Crikey, wasn't expecting that!  :tongue2:

----------


## JoannaB

I have a few thoughts: if shared dreaming is real, then this seems like a great idea, except that even if shared dreaming is real it could be that we can only communicate with others in dreams through a veil of (mis)perceptions and interpretations, so it could be that you say one email address and she hears another even if she is real. Also if shared dreaming is not real then this could be a waste of time which could be better spent in a variety of different ways, taking full advantage of lucid dreams in all kinds of directions instead of limiting oneself to trying to communicate with others based on the assumption that shared dreams are real and that a message such as "My email is xxx" could be properly conveyed and correctly understood. Personally, I would probably not put all my eggs in one basket: while this may be a very good thing to try, but perhaps doing this as the only thing in all one's lucid dreams would be a bit risky, especially if one has a lot of lucid dreams, and if one is not sure whether or not shared dreaming is possible.

----------


## Snapple

Wow, so I haven't posted anything since October on this site. I just stumbled back here after months and remembered my post. I know this is a bit off-topic to the original thread (it does involve me trying to give out an e-mail address to someone in my dream though) but I have something else I want to write down. I'm really hesitant in writing this since it's very personal but, if anything, maybe someone can relate or I'll at least have somewhere to re-read this when I want.

I had a strange dream that really stuck out to me a couple months ago. I believe it occurred in mid-December. I didn't write it down here at the time because it felt too personal, almost wrong. Now that time's passed I feel like I can share it. Unfortunately, since it's been about 4.5 months, most of the intricate details are now gone from my memory; i only remember the main things that happened.

Anyway, I remember being in a huge department store with clothes racks and normal store things all over the place. I was looking through some clothes and talking to some random dream character (I don't remember about what) when I suddenly stopped and stared across the store. There was a group of girls talking and browsing. Among them was my deceased old friend from high school. This friend passed away in a tragic accident about 11 months prior to this dream (January 2012); she was only 21. I immediately stopped what I was doing, said "It's her" and rushed over. I remember approaching her and crying to her as I talked about wishing she hadn't died and things like that. All the while she kept staring at me with a sort of almost amused/sympathetic smile and saying it was okay, like the way a mother might look at/talk to a child crying over something stupid. That's the best way I can describe it.
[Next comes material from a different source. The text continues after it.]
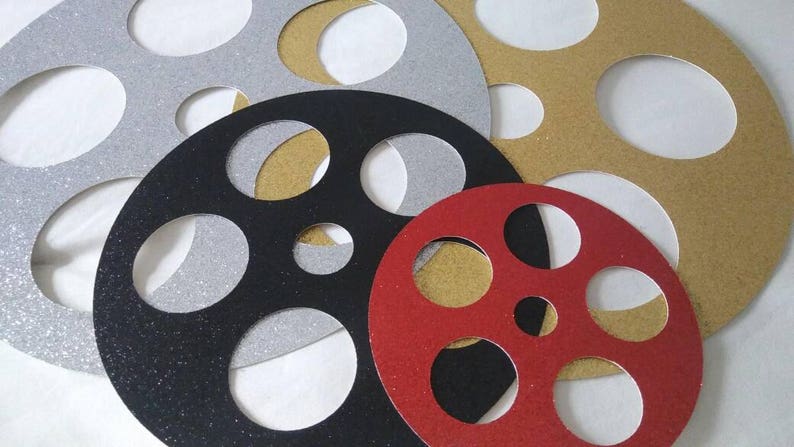 May include: Four decorative film reel shapes, each with a different color and glitter finish. The reels are silver, black, gold, and red.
All of a sudden I started telling her that she should e-mail me so I would know if this whole thing was actually happening and so I would know if I really saw her or if all of this was some random thing I'm dreaming up. I started chanting one of my e-mail addresses to her but she laughed at me and told me to stop. She said something to the affect of "how exactly do you expect me to be able to e-mail you?" It was like she was a teacher trying to make the student realize that what they just said was insanely idiotic but also kind of funny. This question from her seriously stopped me in me tracks and I ended up responding with something like "just try, you should be able to do anything, right?" and she sort of just laughed at me again. 

Because this dream is a couple months old I don't remember how the transition happened, but the next thing I recall is that I am in the restroom in the department store and I am sobbing. I don't think I ever cried like this in a dream before; I am absolutely bawling. So much so that the random dream characters in the other stalls and by the sinks in the restroom start talking to themselves. One asks one of the others why I am crying like that and one of the dream characters responds to the other character "She just saw her dead friend" and the whole restroom lets out an understanding and sympathetic "ohhhh." As I am leaving the restroom they are all looking at me with compassion and understanding.

Again, I can't recall how this next transition happened. All I remember next is the end of the dream. The dream ended with me walking through this door of light (which sounds eye-rollingly cliche, I know, but it's what happened) out into somewhere (a hallway? Outdoors? I don't know). As I was on the other side of the doorway I remember looking back over my shoulder and willing myself to remember this, to not forget what I saw. What I saw was my friend on the other side of the door (the door had a bright light outline). She was sitting Indian-style on the ground and playing an acoustic guitar (which she apparently took up in college while she was still alive) as a bunch of other random people sat crowded around her enjoying the song. She was smiling. I remember I couldn't hear what she was playing, I could only see her grinning and strumming along before the doorway got smaller and smaller as if it was closing but with light. It finally whited out (by that I mean the doorway shut but not in the sense of seeing a big door close, but just seeing light take up the whole doorway until I couldn't see what was inside anymore.) I woke up then.

The only person I told about this dream was my sister. I was telling her, days later, and while I was calmly telling her the story I suddenly burst into tears, shocking myself. It was hard to even verbalize the dream, for some reason. It was a very strange feeling. 

I never got any emails, by the way. Not that I expected to.

 I'm sorry for this incredibly long post but I suddenly felt the urge to write this down tonight.

----------


## JoannaB

Thank you for sharing. <Virtual hug> You know, a lot of people believe that one can communicate with the deceased in dreams. I do not know whether it is possible, but who knows? The alternative possibility is that you may have just needed some closure with your dead friend, and your mind provided you this dream in an effort for closure. Either way, it certainly sounds like a moving dream, and I can understand why it shook you up. I am kind of hoping to someday dream of my grandmother, since I miss her very much.

----------